The $250 Trillion AI Hype is Real. A few years from now, you’ll probably wish you’d bought this stock.

When Jeff Bezos said that one breakthrough technology would shape Amazon’s destiny, even Wall Street’s biggest analysts were caught off guard.

Fast forward a year and Amazon’s new CEO Andy Jassy described generative AI as a “once-in-a-lifetime” technology that is already being used across Amazon to reinvent customer experiences.

At the 8th Future Investment Initiative conference, Elon Musk predicted that by 2040 there would be at least 10 billion humanoid robots, with each priced between $20,000 and $25,000.

Do the math.

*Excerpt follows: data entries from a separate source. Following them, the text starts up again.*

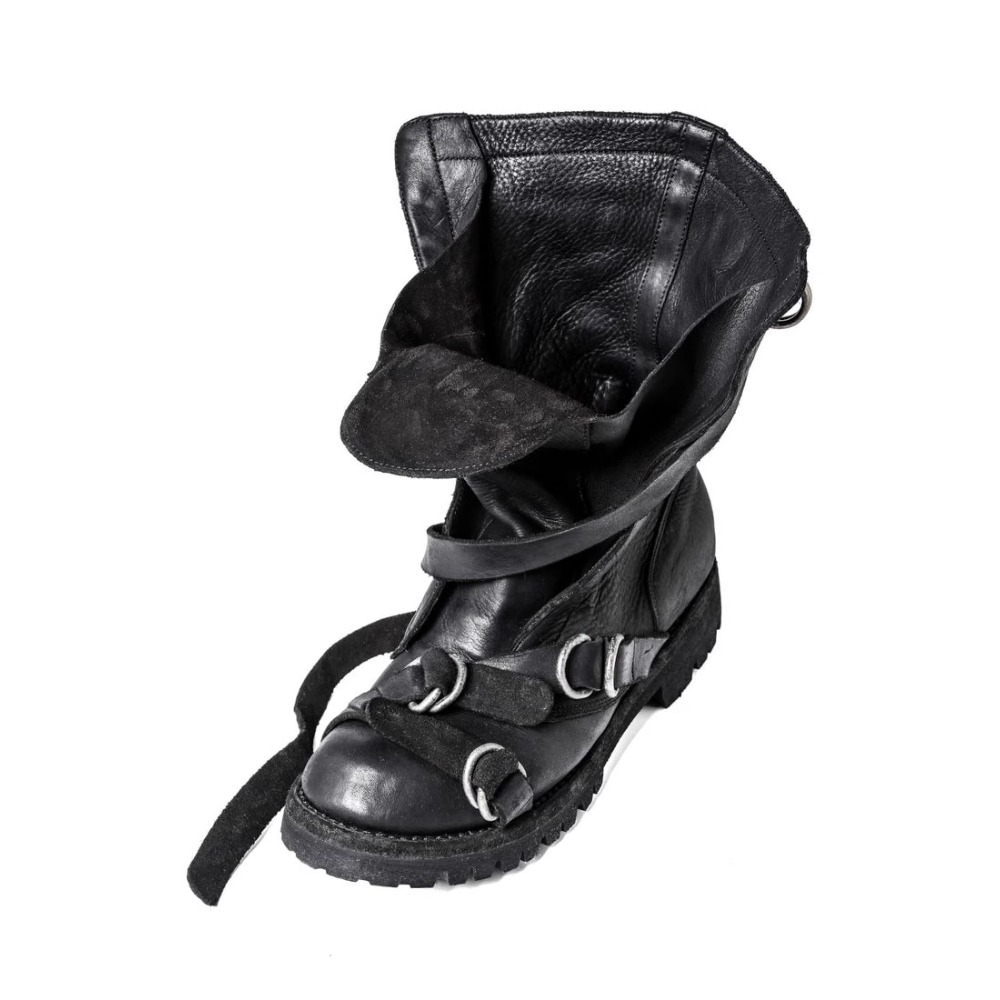 Men's Leather Motorcycle Boots - Leatherwork Fasteners ulasan dan harga
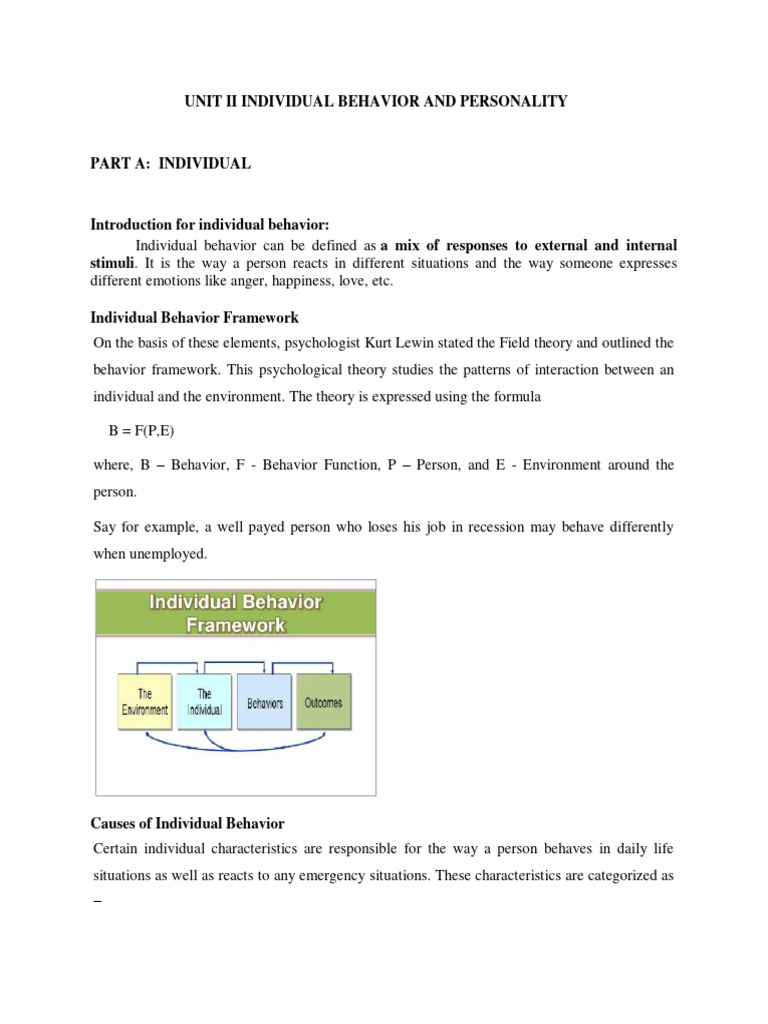 Understanding Individual Behavior | PDF | Job Satisfaction | Attitude ...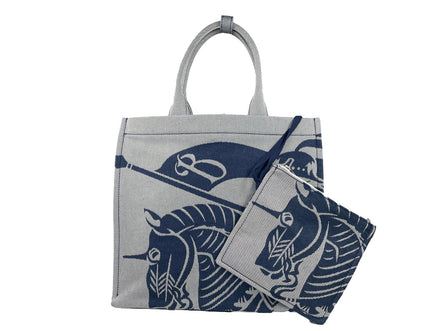 Sac cabas Burberry bleu marine en toile EKD avec porte-monnaie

According to Musk, this technology could be worth $250 trillion by 2040.

Put another way, that’s roughly equal to:

  • 175 Teslas
  • 107 Amazons
  • 140 Metas
  • 84 Googles
  • 65 Microsofts
  • And 55 Nvidias

And here’s the wild part — this $250 trillion wave isn’t tied to one company, but to an entire ecosystem of AI innovators set to reshape the global economy.

It’s a leap so massive, it could reshape how businesses, governments, and consumers operate worldwide.

Even if that $250 trillion figure sounds ambitious, major firms like PwC and McKinsey still see AI unlocking multi-trillion-dollar potential.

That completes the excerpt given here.